§ **WHAT YOU SHOULD DO**:
Whatever appears in the records, write it out again exactly.

§ **RECORD EXTRACTS**:
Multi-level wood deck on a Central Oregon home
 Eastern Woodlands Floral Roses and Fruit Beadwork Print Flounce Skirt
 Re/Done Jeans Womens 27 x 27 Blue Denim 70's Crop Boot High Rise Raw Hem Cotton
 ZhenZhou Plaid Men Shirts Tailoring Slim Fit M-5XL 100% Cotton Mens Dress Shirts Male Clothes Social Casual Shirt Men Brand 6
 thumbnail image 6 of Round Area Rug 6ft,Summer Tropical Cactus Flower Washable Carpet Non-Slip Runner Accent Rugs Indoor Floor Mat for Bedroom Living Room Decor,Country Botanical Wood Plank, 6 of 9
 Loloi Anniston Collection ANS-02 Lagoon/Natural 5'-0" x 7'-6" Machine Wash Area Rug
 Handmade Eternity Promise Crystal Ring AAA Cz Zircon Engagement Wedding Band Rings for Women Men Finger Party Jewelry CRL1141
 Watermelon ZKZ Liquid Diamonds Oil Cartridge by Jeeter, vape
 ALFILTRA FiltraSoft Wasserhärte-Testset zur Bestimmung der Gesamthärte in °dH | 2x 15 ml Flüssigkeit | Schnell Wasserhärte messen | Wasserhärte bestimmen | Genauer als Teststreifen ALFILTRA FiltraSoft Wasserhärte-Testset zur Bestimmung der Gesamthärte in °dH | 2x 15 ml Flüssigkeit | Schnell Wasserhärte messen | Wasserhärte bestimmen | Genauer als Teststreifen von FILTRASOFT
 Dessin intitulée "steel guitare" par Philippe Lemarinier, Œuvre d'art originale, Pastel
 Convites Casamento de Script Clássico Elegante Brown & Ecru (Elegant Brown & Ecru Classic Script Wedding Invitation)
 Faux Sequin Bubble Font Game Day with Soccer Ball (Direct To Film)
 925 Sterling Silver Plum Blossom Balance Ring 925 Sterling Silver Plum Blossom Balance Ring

§ **SOLVED PROBLEM**:
Multi-level wood deck on a Central Oregon home
 Eastern Woodlands Floral Roses and Fruit Beadwork Print Flounce Skirt
 Re/Done Jeans Womens 27 x 27 Blue Denim 70's Crop Boot High Rise Raw Hem Cotton
 ZhenZhou Plaid Men Shirts Tailoring Slim Fit M-5XL 100% Cotton Mens Dress Shirts Male Clothes Social Casual Shirt Men Brand 6
 thumbnail image 6 of Round Area Rug 6ft,Summer Tropical Cactus Flower Washable Carpet Non-Slip Runner Accent Rugs Indoor Floor Mat for Bedroom Living Room Decor,Country Botanical Wood Plank, 6 of 9
 Loloi Anniston Collection ANS-02 Lagoon/Natural 5'-0" x 7'-6" Machine Wash Area Rug
 Handmade Eternity Promise Crystal Ring AAA Cz Zircon Engagement Wedding Band Rings for Women Men Finger Party Jewelry CRL1141
 Watermelon ZKZ Liquid Diamonds Oil Cartridge by Jeeter, vape
 ALFILTRA FiltraSoft Wasserhärte-Testset zur Bestimmung der Gesamthärte in °dH | 2x 15 ml Flüssigkeit | Schnell Wasserhärte messen | Wasserhärte bestimmen | Genauer als Teststreifen ALFILTRA FiltraSoft Wasserhärte-Testset zur Bestimmung der Gesamthärte in °dH | 2x 15 ml Flüssigkeit | Schnell Wasserhärte messen | Wasserhärte bestimmen | Genauer als Teststreifen von FILTRASOFT
 Dessin intitulée "steel guitare" par Philippe Lemarinier, Œuvre d'art originale, Pastel
 Convites Casamento de Script Clássico Elegante Brown & Ecru (Elegant Brown & Ecru Classic Script Wedding Invitation)
 Faux Sequin Bubble Font Game Day with Soccer Ball (Direct To Film)
 925 Sterling Silver Plum Blossom Balance Ring 925 Sterling Silver Plum Blossom Balance Ring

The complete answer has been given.